[THE RECORDS — start]

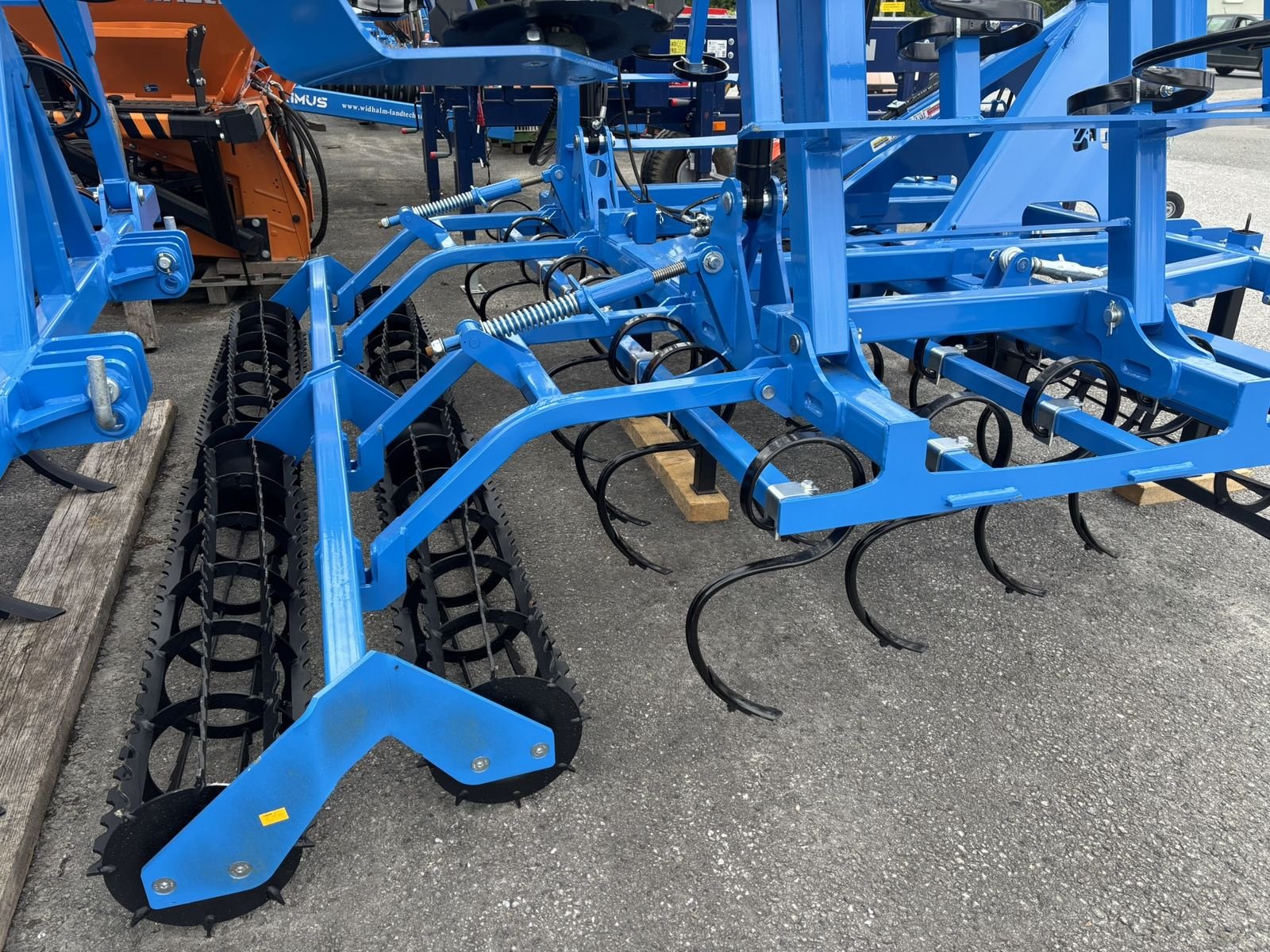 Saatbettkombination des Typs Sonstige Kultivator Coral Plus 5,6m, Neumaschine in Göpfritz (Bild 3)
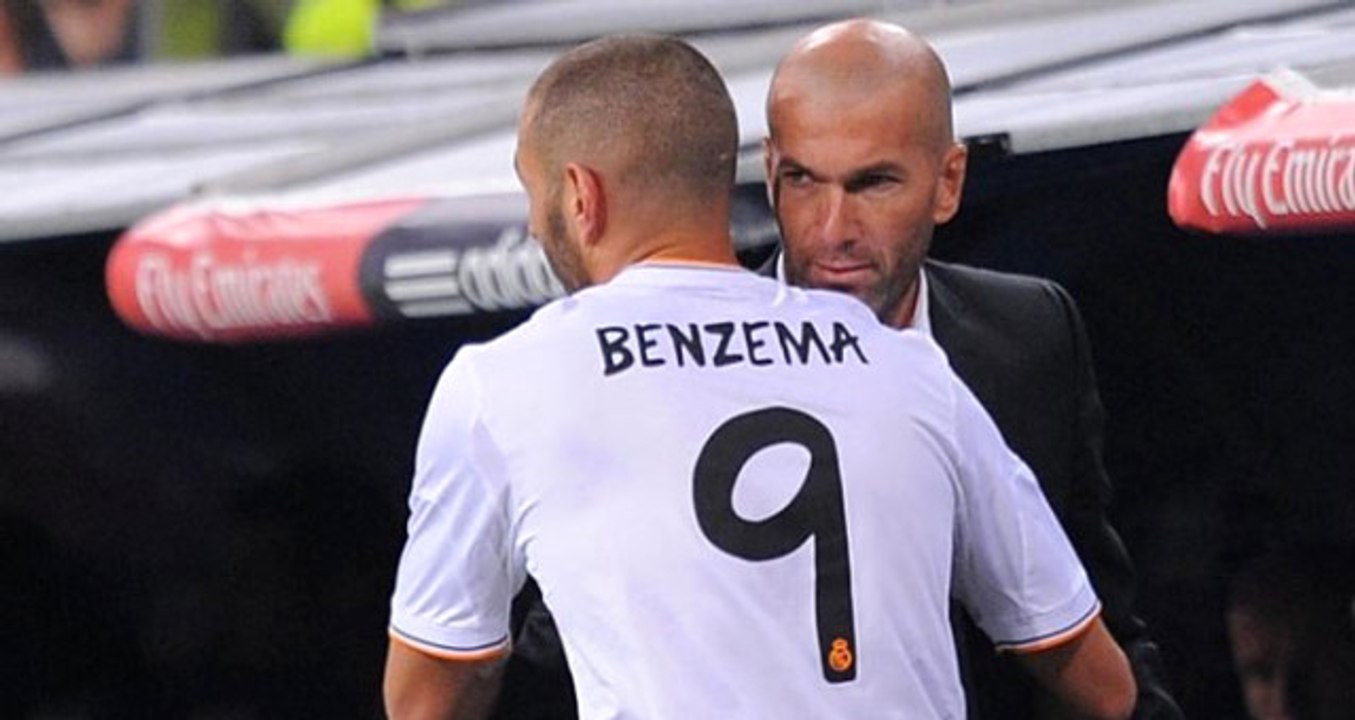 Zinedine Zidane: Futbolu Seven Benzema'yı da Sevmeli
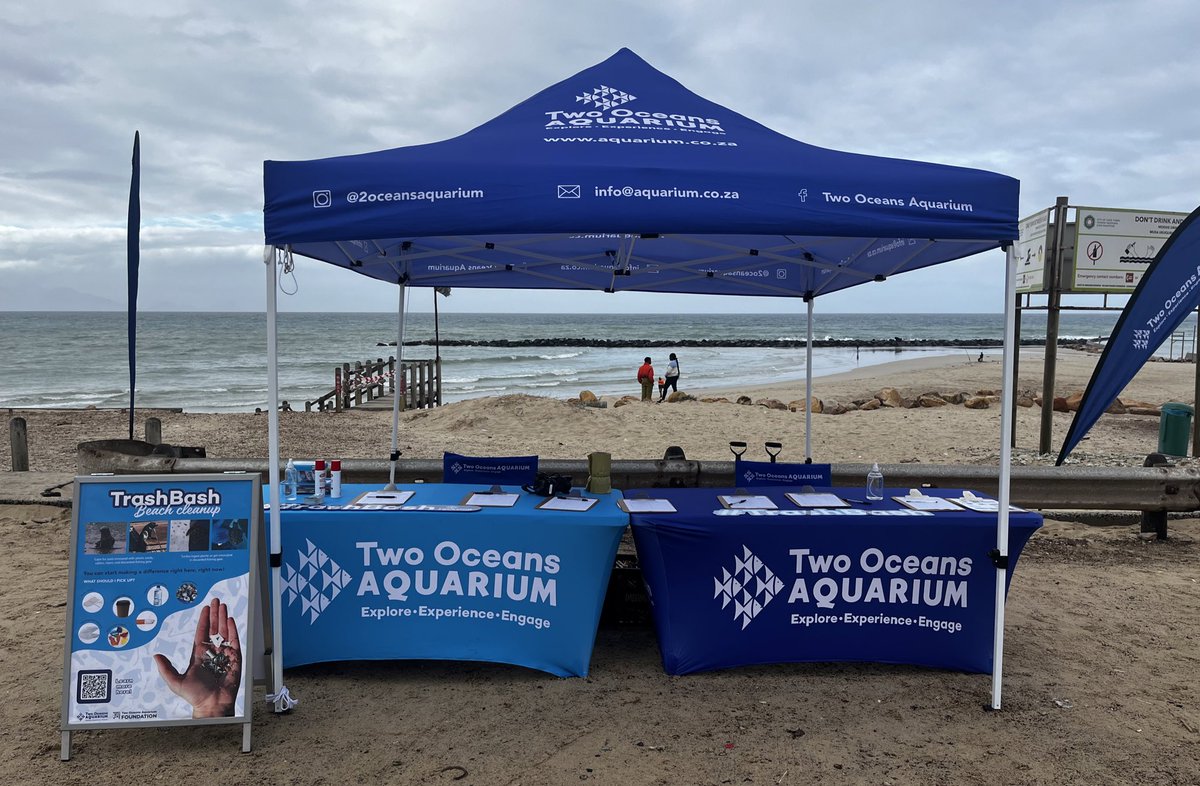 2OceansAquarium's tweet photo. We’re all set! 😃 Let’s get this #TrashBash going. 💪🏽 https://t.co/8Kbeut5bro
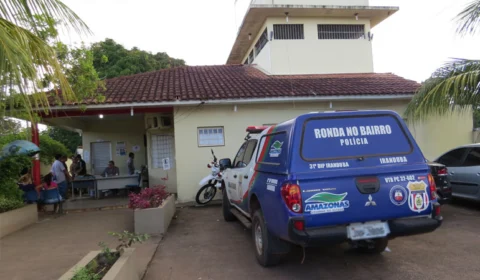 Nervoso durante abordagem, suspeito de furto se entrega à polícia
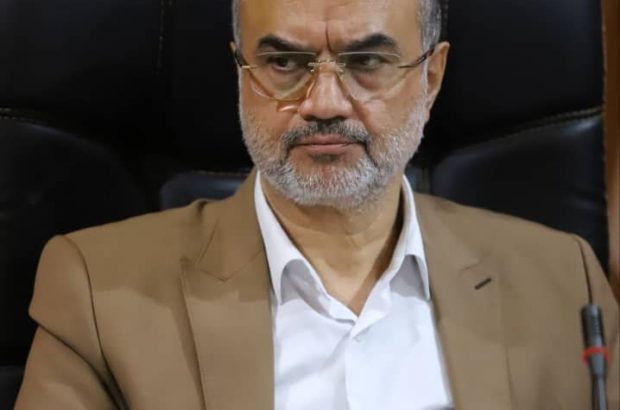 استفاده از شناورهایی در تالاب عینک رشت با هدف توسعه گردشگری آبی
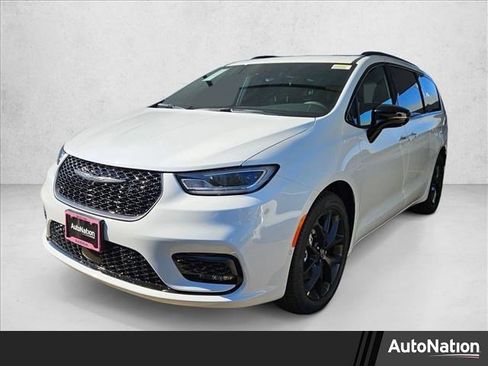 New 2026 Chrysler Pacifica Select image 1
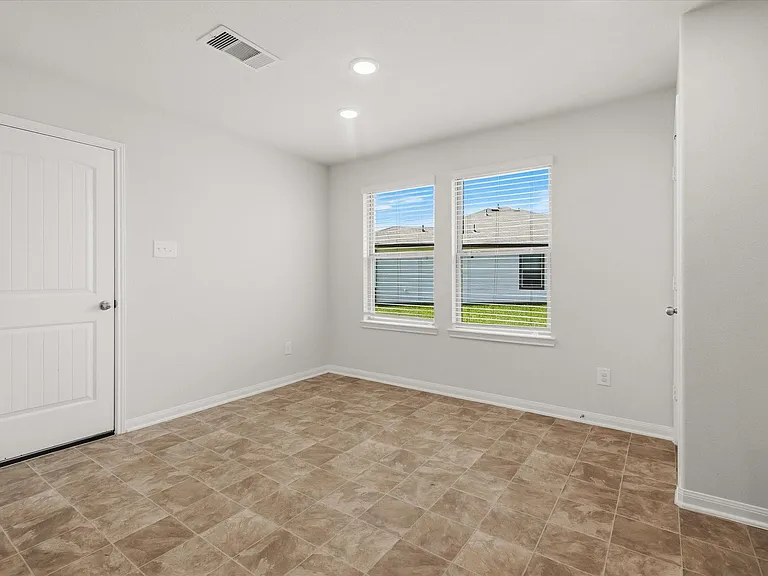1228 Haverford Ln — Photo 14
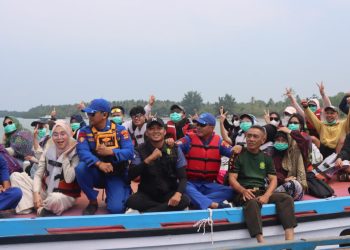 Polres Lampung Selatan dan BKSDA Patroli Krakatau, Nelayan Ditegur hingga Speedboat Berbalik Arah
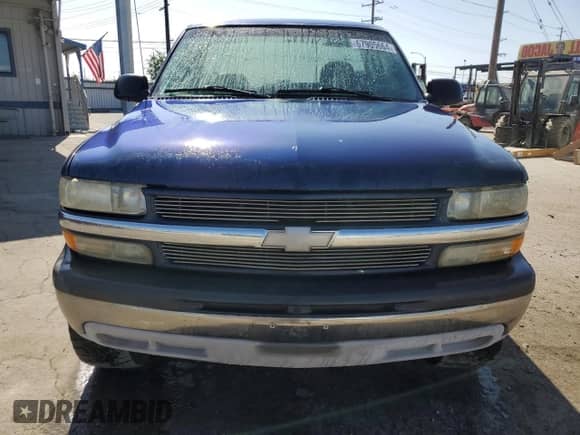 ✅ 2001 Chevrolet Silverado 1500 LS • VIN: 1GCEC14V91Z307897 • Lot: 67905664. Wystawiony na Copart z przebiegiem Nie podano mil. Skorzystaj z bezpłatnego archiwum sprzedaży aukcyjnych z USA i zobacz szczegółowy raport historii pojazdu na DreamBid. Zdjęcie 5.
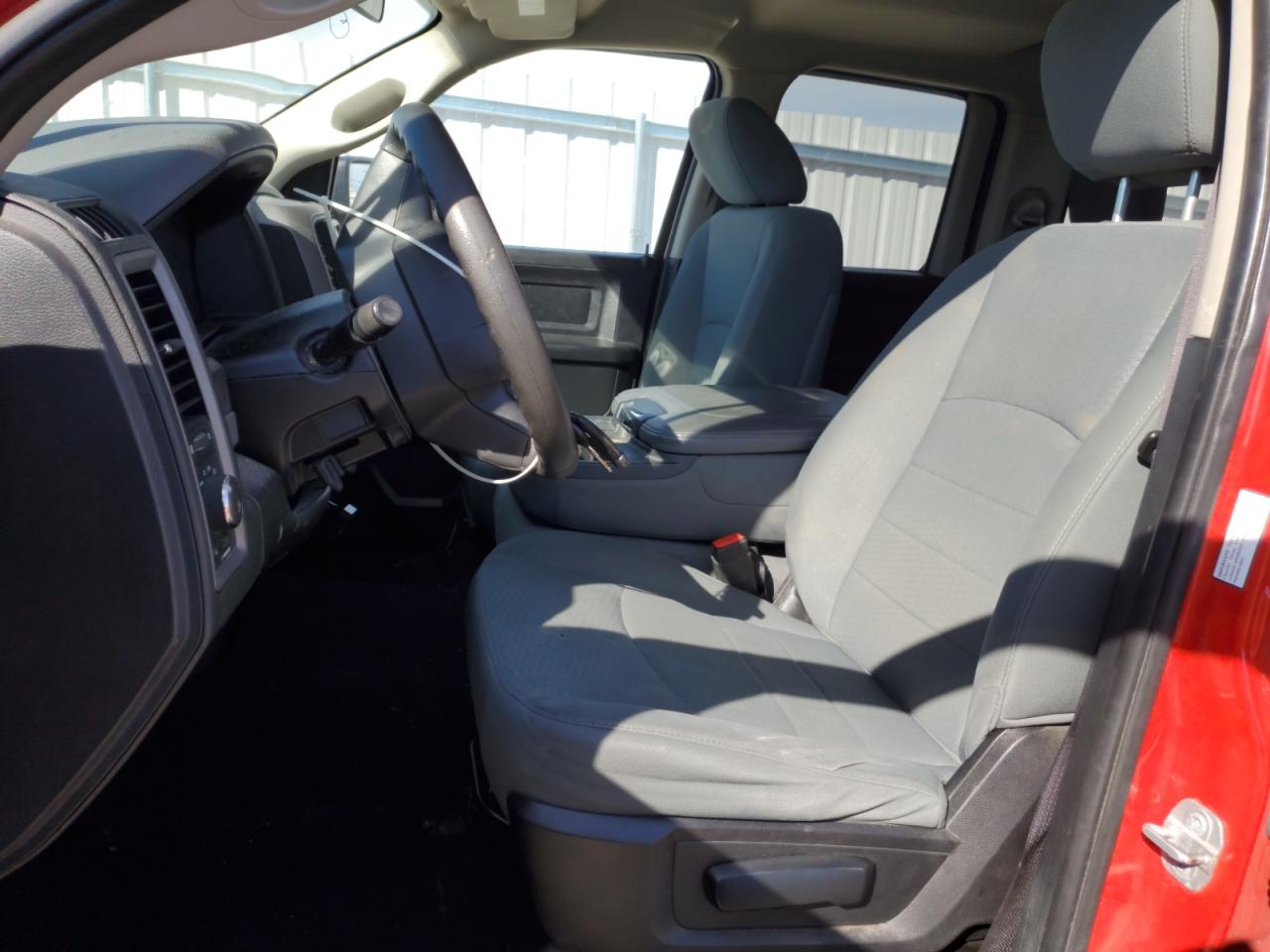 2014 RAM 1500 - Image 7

[THE RECORDS — finish]

• _ACTIVITY_
Return the records exactly as they stand, and drop every picture.

• _THE ANSWER_
 Saatbettkombination des Typs Sonstige Kultivator Coral Plus 5,6m, Neumaschine in Göpfritz (Bild 3)
 Zinedine Zidane: Futbolu Seven Benzema'yı da Sevmeli
 2OceansAquarium's tweet photo. We’re all set! 😃 Let’s get this #TrashBash going. 💪🏽 https://t.co/8Kbeut5bro
 Nervoso durante abordagem, suspeito de furto se entrega à polícia
 استفاده از شناورهایی در تالاب عینک رشت با هدف توسعه گردشگری آبی
 New 2026 Chrysler Pacifica Select image 1
1228 Haverford Ln — Photo 14
 Polres Lampung Selatan dan BKSDA Patroli Krakatau, Nelayan Ditegur hingga Speedboat Berbalik Arah
 ✅ 2001 Chevrolet Silverado 1500 LS • VIN: 1GCEC14V91Z307897 • Lot: 67905664. Wystawiony na Copart z przebiegiem Nie podano mil. Skorzystaj z bezpłatnego archiwum sprzedaży aukcyjnych z USA i zobacz szczegółowy raport historii pojazdu na DreamBid. Zdjęcie 5.
 2014 RAM 1500 - Image 7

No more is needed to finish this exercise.